Contact Us

For more information, write:

Lesbian & Gay Studies Project
Center for Gender Studies
5733 S. University Avenue
Chicago, IL 60637

(773) 834-4509
lgsp@uchicago.edu

Event Archive

Out at CHS: Exploring the LGBT Past

The LGSP cosponsored "Out at CHS: Exploring the LGBT Past," a lecture series organized with the Chicago Historical Society and the Center on Halsted. Building on the tremendous success of the 2003-2004 inaugural series on the history of queer popular arts, the 2004-2005 series focused on the history of lesbians and gay men in Chicago and in film.

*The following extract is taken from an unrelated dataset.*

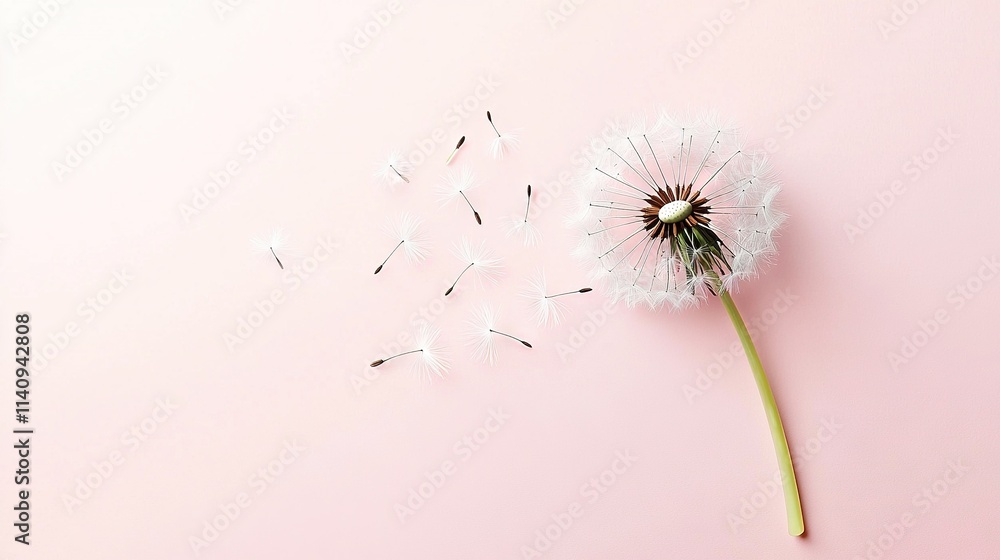 Poster a dandelion blown by wind on pink background with text/image space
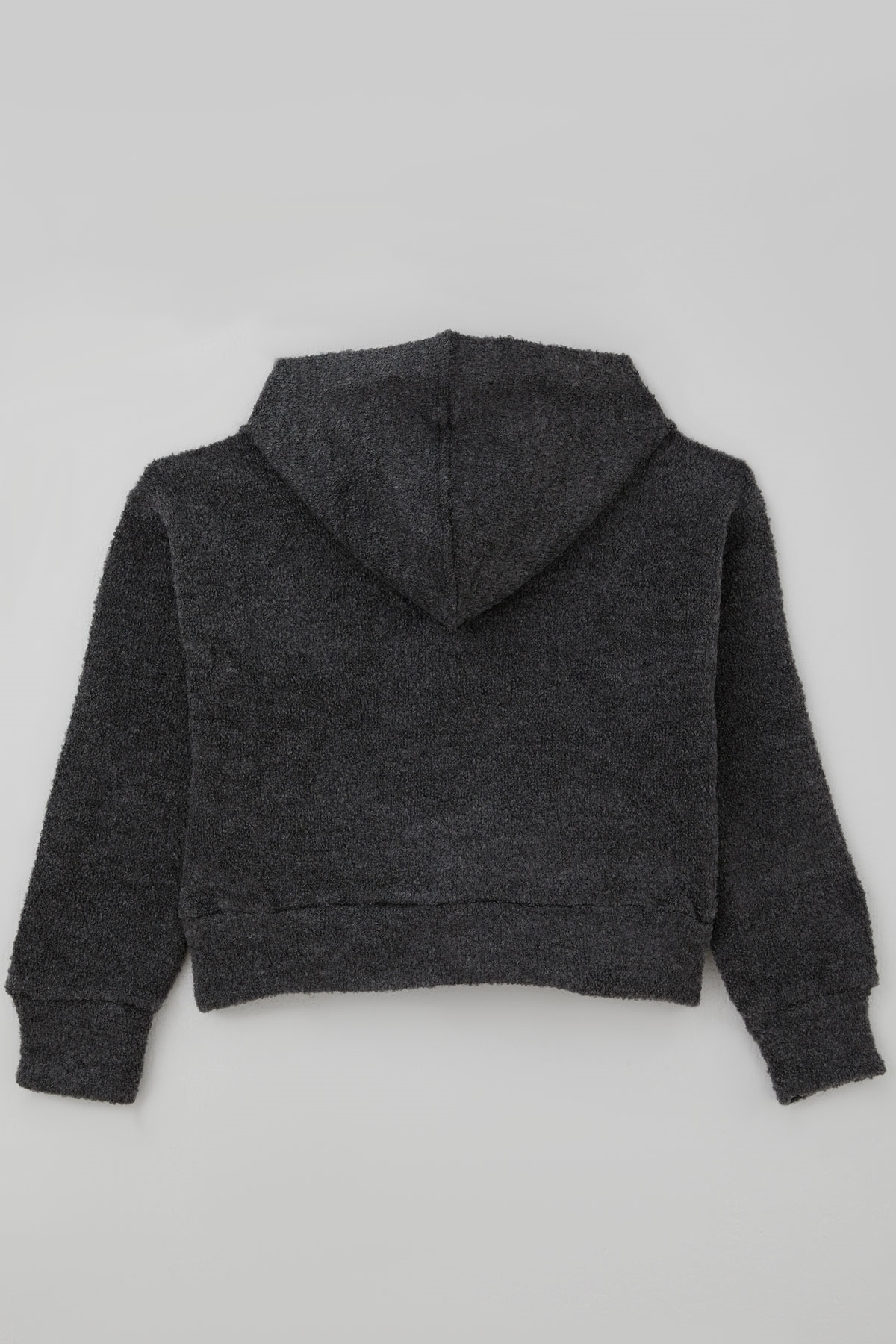 Orko Kız Çocuk Peluş Crop Hırka Kapüşonlu Fermuarlı Füme Melanj (10-16 Yaş)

Friends or Lovers? Same Sex Relationships in the 19th Century

Thursday, February 17, 2005 @ 6 PM

A panel discussion with:

When the Magnificent Mile was Fairytown and Bronzeville was Lavender

Thursday, April 21, 2005 @ 6 PM

Chad Heap, George Washington University

The Celluloid Closet

June 2005

Return to Top


French Filmmakers

A Two-Day Visit With Olivier Ducastel & Jacques Martineau

January 2005

The Lesbian and Gay Studies Project welcomed two of the most innovative and provocative filmmakers working in France today, Olivier Ducastel and Jacques Martineau, for a series of screenings and discussions in January 2005.  The films of Ducastel and Martineau playfully draw on established genres, such as the musical and road trip, and develop new experimental narrative forms to explore questions of race, immigration, AIDS, national identity, and queer subjectivity in contemporary France.  We screened and discussed three of their best known films.  During their visit, Ducastel and Martineau also met with student filmmakers to discuss their craft and the state of contemporary filmmaking in France, particularly in competition with Hollywood.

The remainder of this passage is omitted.